__What to produce__
What should be copied is the stretch of entries below from the line with "Adesivo Redondo Zodiac Constelação Gemini" up to and including the line with "Pre Owned Jacquemus", exactly and without images.

__Available data__
%%

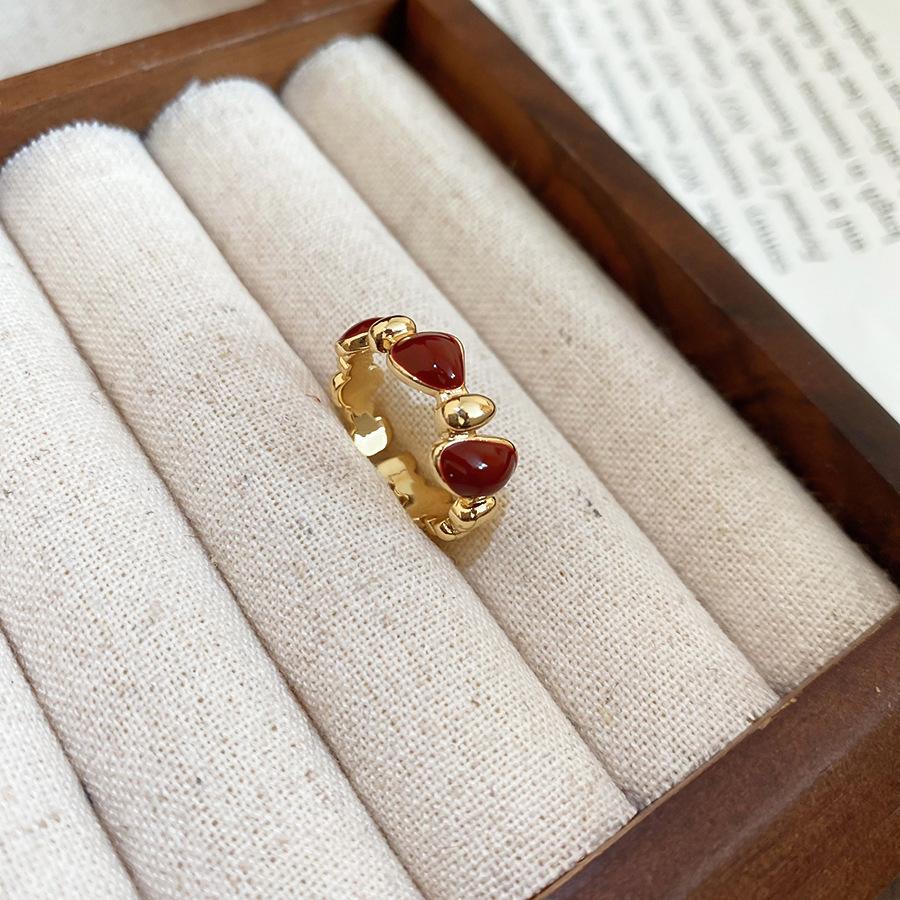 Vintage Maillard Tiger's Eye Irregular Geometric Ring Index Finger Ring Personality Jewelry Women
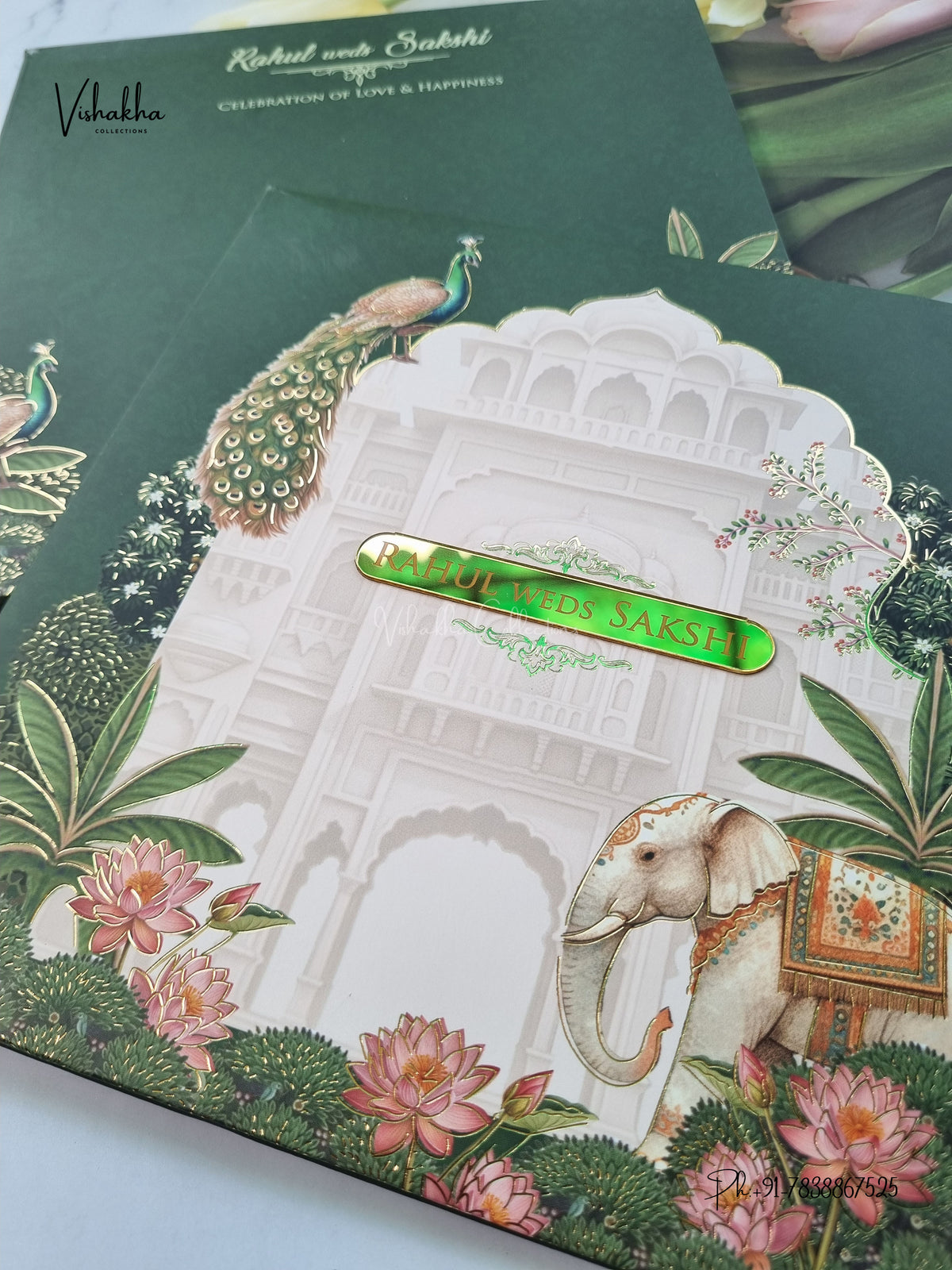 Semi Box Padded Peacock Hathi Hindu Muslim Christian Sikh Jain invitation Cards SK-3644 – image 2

%%
%%

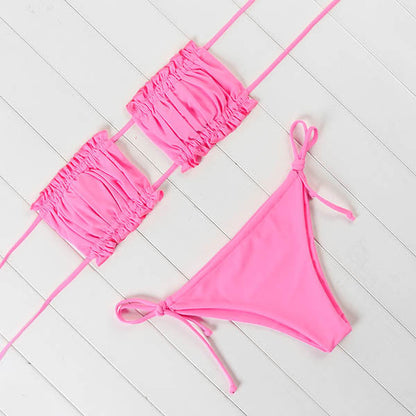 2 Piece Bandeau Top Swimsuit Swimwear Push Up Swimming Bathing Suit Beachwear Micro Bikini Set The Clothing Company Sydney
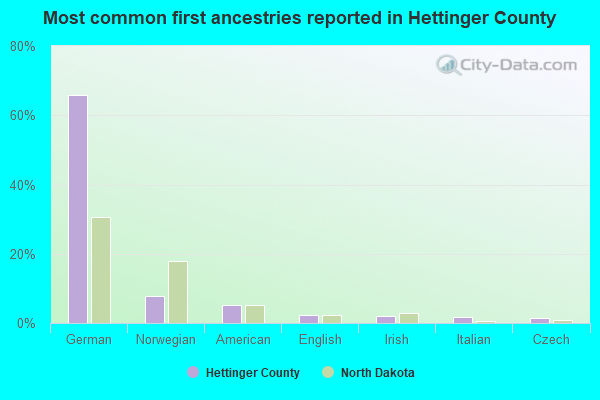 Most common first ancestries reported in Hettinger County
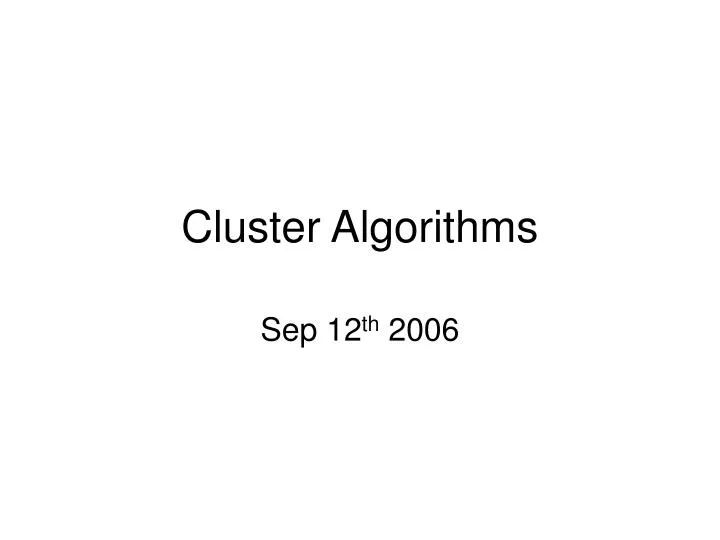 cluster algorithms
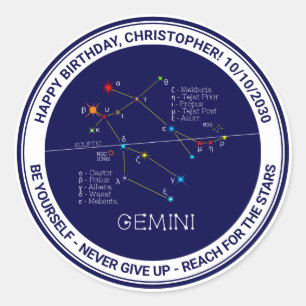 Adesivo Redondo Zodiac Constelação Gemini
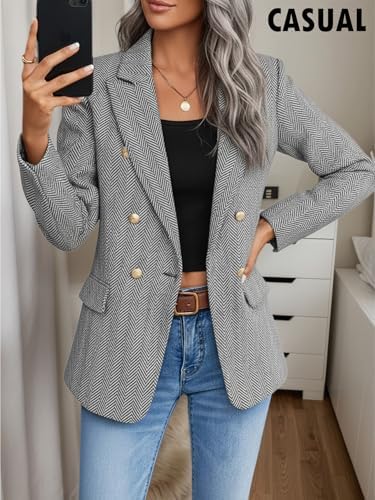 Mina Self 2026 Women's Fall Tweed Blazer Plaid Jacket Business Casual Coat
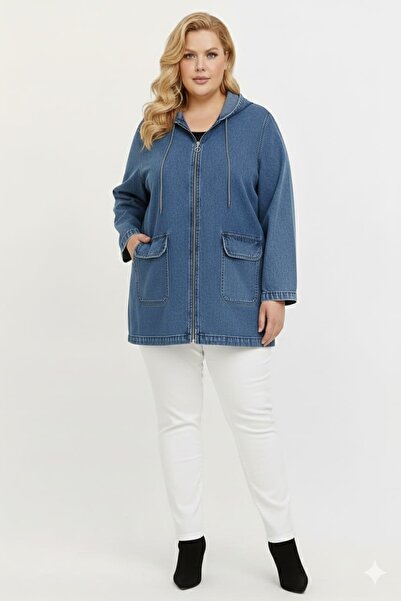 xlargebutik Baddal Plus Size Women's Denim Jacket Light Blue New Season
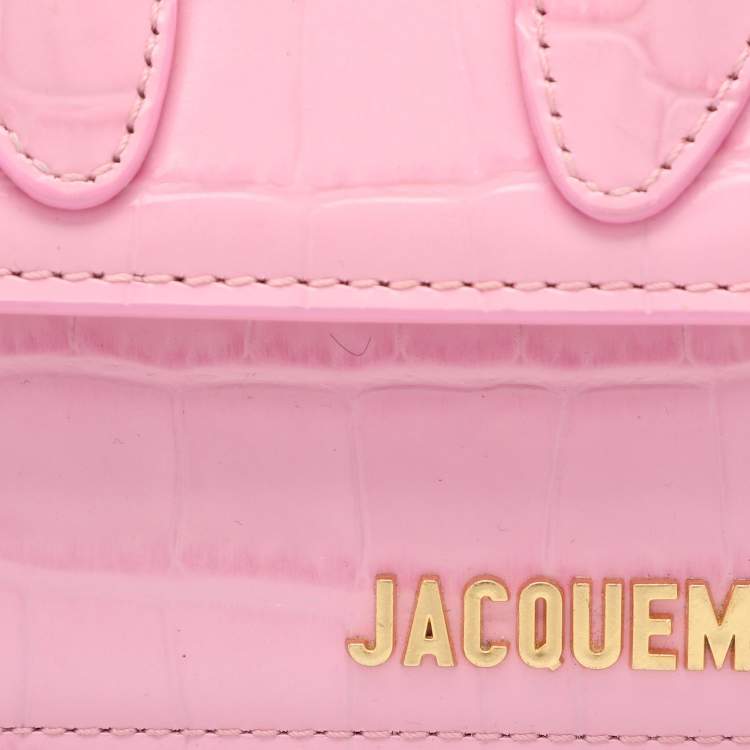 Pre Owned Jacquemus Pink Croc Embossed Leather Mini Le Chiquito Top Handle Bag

%%

__Reply__
 Adesivo Redondo Zodiac Constelação Gemini
 Mina Self 2026 Women's Fall Tweed Blazer Plaid Jacket Business Casual Coat
 xlargebutik Baddal Plus Size Women's Denim Jacket Light Blue New Season
 Pre Owned Jacquemus Pink Croc Embossed Leather Mini Le Chiquito Top Handle Bag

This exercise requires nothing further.